Oui, mais les archives du centre pénitentiaire ont brûlé dans un incendie en 1959. Donc je me suis plongé dans la presse de l'époque. Et ça, c'est une merveille, c'est-à-dire que ce ne sont pas des rapports ou des écrits de "sachants" mais la vision et les mots de l'époque. Donc je cherche, je me documente sur les conditions de vie à Belle-Ile, les conditions de vie des enfants, la maltraitance, etc. Mais ça ne fait toujours pas un roman. Et puis là, dans la presse, je tombe sur la révolte de 1934, et sur cette information : 56 qui s'évadent, 55 qui sont repris. Et le 56e ? Mon Dieu, il en manque un. Et là je regarde les journaux des jours qui suivent. On sent que la presse qui fait marche arrière. "La police nous prie d'insérer ou d'indiquer" que non, en fait le 56e s'était déjà évadé auparavant. On dit ensuite qu'il se sera noyé. Un autre gendarme dit, "il aura peut-être trouvé un jupon accueillant sur l'île". Et là, moi je me dis, attends mon petit bonhomme, là, il y a un trou dans l'histoire, dans l'actualité, dans la vraie vie. Et là je me dis : "Papa, tu voulais que j'aille en maison de redressement, eh bien j'y vais !" Et voilà, le roman est là. Je peux créer Jules.
Le personnage de Jules, comment l'avez-vous imaginé ?
Je pouvais faire de Jules un petit orphelin qui se fait taper dessus. Mais non, parce que je me suis fait taper dessus, mais je n'étais pas orphelin. Moi ce que je veux, c'est que tout ça sorte, que tout ce que j'ai vécu sorte. Je veux une teigne. J'étais un enfant bègue, extrêmement bègue. On se moquait de moi. J'ai passé mon enfance à faire taire les moqueries, les humiliations, qu'elles soient dirigées contre moi ou contre les autres, par les poings, c'est moche, c'est atroce, mais c'est comme ça. Je n'avais pas la parole. L'oralité m'était interdite, et elle va m'être interdite longtemps.
"Et toute ma vie, je me suis dit, ces poings-là, il faut que je les oublie, il faut que je trouve autre chose que cette violence-là."
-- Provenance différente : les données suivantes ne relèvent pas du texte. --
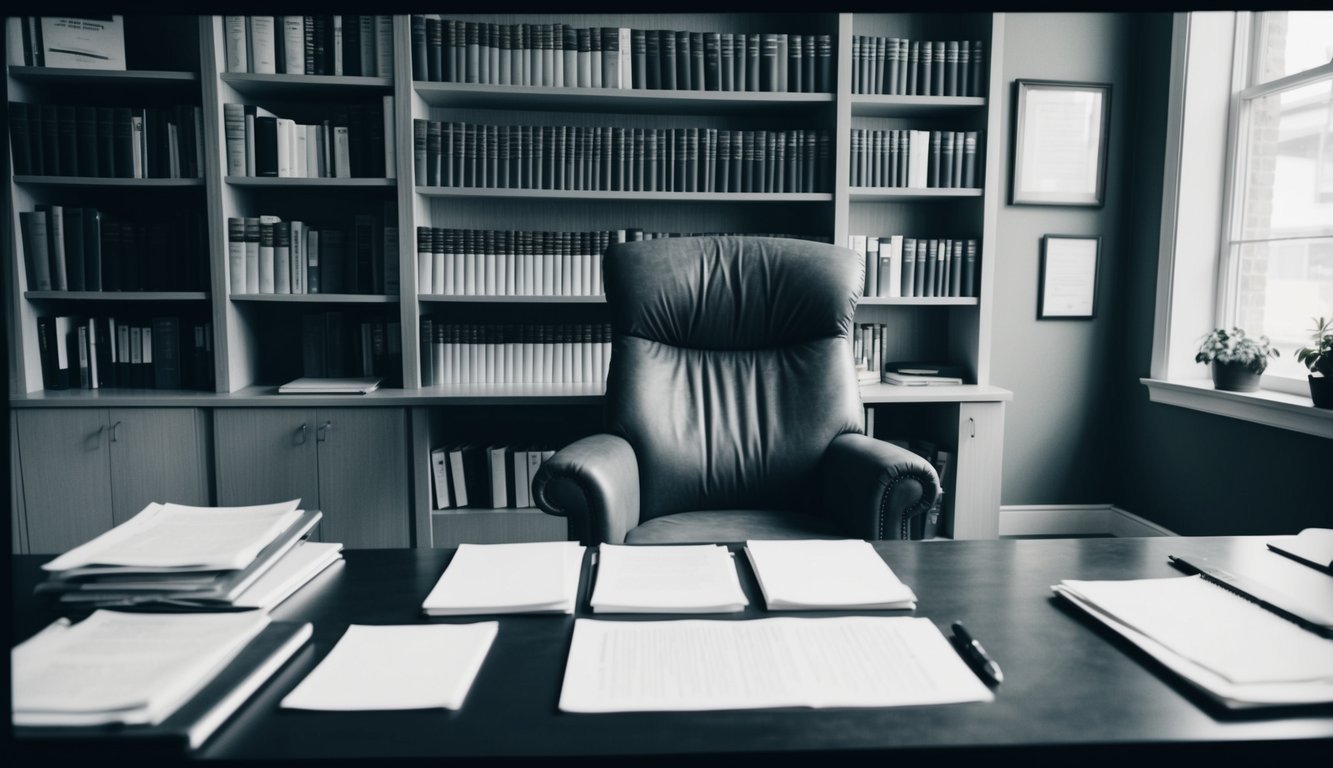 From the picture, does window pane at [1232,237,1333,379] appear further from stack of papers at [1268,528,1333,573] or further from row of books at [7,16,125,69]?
row of books at [7,16,125,69]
Sorj Chalandonà franceinfo Culture
Il est en moi cet enfant. Je suis obligé d'avoir cet enfant-là en moi. Donc le personnage de Jules, je l'ai construit à partir de mes colères, à partir de ma rage. Ce n'est pas une rage de tuer, c'est une rage de vivre. C'est important. Je déteste le côté "victime", c'est quelque chose qui me qui me hérisse. Autant mourir sous les coups, c'est ce que je me disais lorsque j'étais petit. Et j'offre ça à Jules. Je ne veux pas qu'il soit un petit orphelin. Je ne veux pas qu'il soit un petit souffreteux. Je ne veux pas qu'il soit un chien. Il n'a plus confiance en personne, mais je veux qu'il s'ouvre, comme moi j'ai rencontré dans la vie des gens qui m'ont ouvert. Pour moi, les conditions de vie dans le centre et l'évasion n'étaient qu'une partie du livre. Ce que je voulais, c'était faire le portrait d'un gamin qui apprend à desserrer les poings. Ce livre aurait pu s'appeler aussi la métamorphose. C'est la métamorphose du petit Jules en homme bien.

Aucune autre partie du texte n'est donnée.